Through a network of national market surveillance authorities, the Regulation aims to strengthen the control requirements for these products circulating in the EU market. It intends to ensure their conformity and safety for European consumers and create better conditions for fair competition.
The approach behind the text is the result of the rapidly changing characteristics of modern supply chains, increasingly based on e-commerce and online. Until now, consumers were considered the importers of the products they bought online and were therefore legally responsible for their compliance with EU safety standards, even though they had no technical qualification to do so.
The EU Market Surveillance Regulation attempts to put an end to this legal loophole. It defines the concept of “economic operator” and requires non-EU manufacturers who want to sell their products in the EU to mandate one. This economic operator will then act as a contact point and will be responsible for ensuring that the manufacturer’s product complies with all necessary EU requirements.

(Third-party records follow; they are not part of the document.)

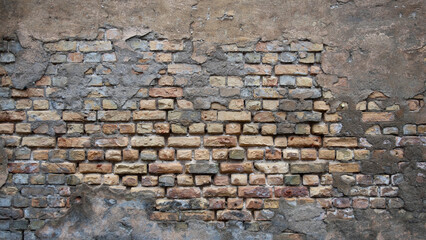 brick wall, in the photo the texture of the old brick wall and plaster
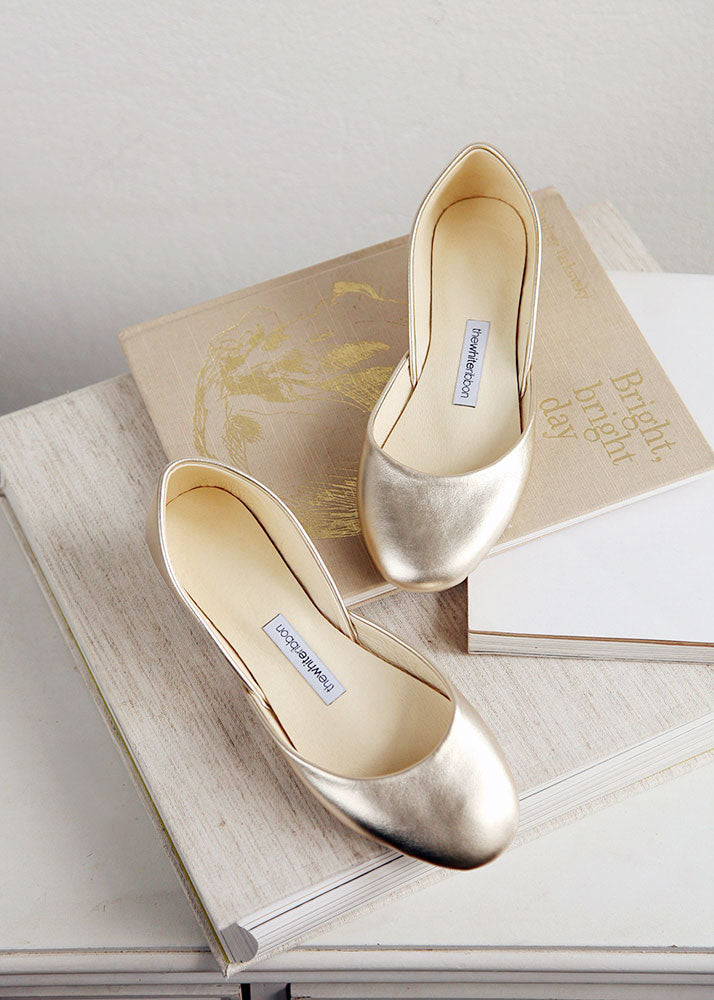Gold leather ballet flats, placed on top of books. 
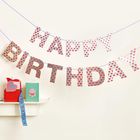 „Happy Birthday“-Girlande, Herzmuster. Roter Geschenkkarton mit Schleife, grüne Karte mit Torte, auf Regal.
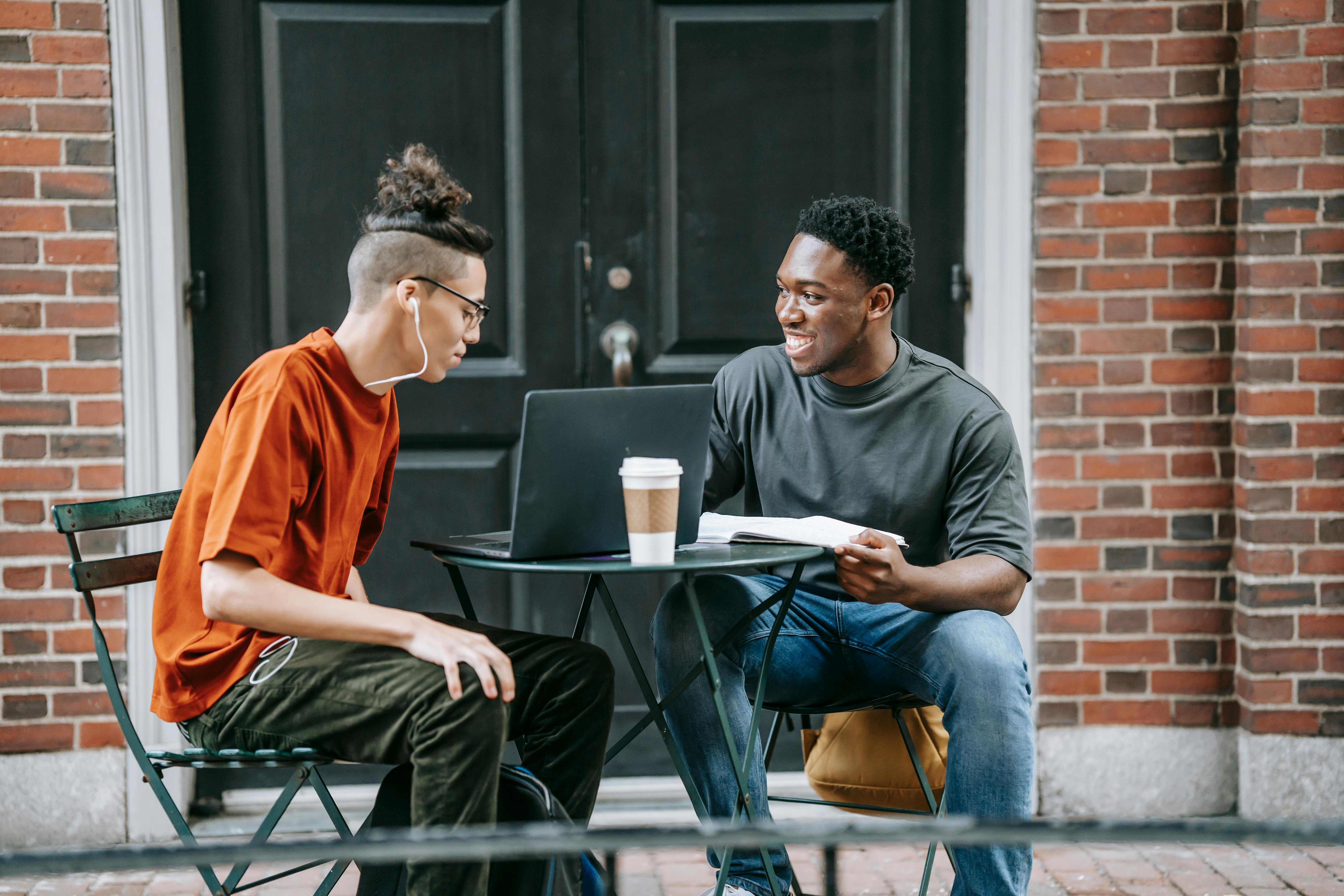 young happy multiethnic students talking at table with laptop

The new Regulation also seeks to strengthen controls on products entering the EU as well as market surveillance mechanisms within EU’s borders. The system should allow for the smooth exchange of information for the responsible authorities.

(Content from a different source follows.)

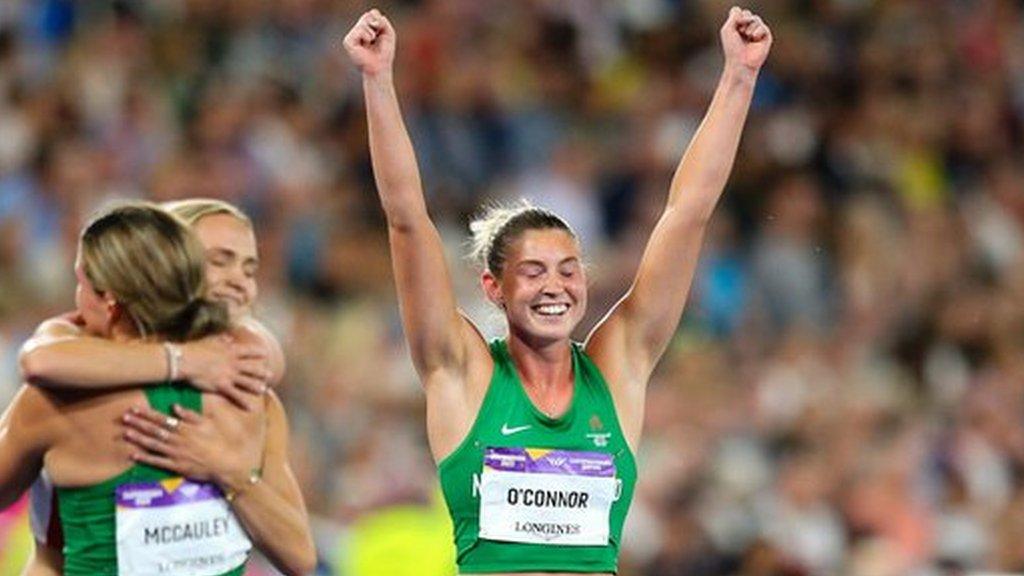 Kate O'Connor celebrates securing a silver medal at Alexander Stadium on Wednesday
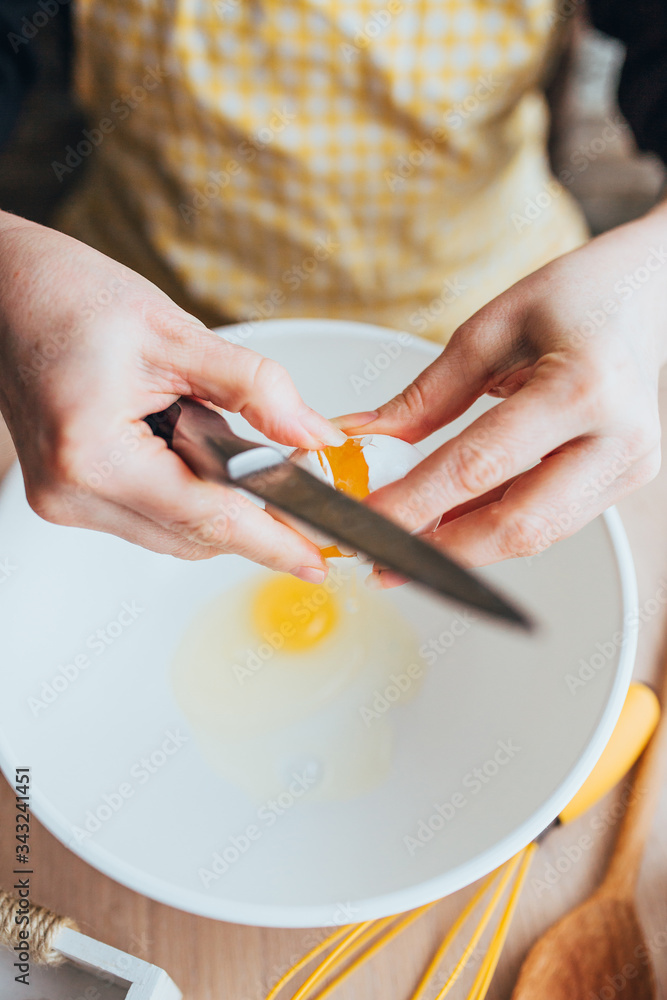 A woman is preparing a custard dough for baking - breaks an egg in a bowl - home cooking A woman is preparing a custard dough for baking - breaks an egg in a bowl - home cooking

TIC Council considers that the new Regulation has created a modern and unified legal framework necessary for market surveillance among EU Member States. However, we have also identified several issues that hamper its potential to become the cornerstone of a truly effective market surveillance system.
Our biggest concern is that national market surveillance authorities remain responsible for monitoring samples of products on the market and identifying those that are not compliant. These authorities suffer from a lack of guidelines, funds and resources. This prevents them from carrying out their tasks properly and consistently.
Consequently, inconsistencies remain between national authorities, both in the scope of their activities and in the frequency of checks, which undermine the credibility of the internal market and its ability to function correctly.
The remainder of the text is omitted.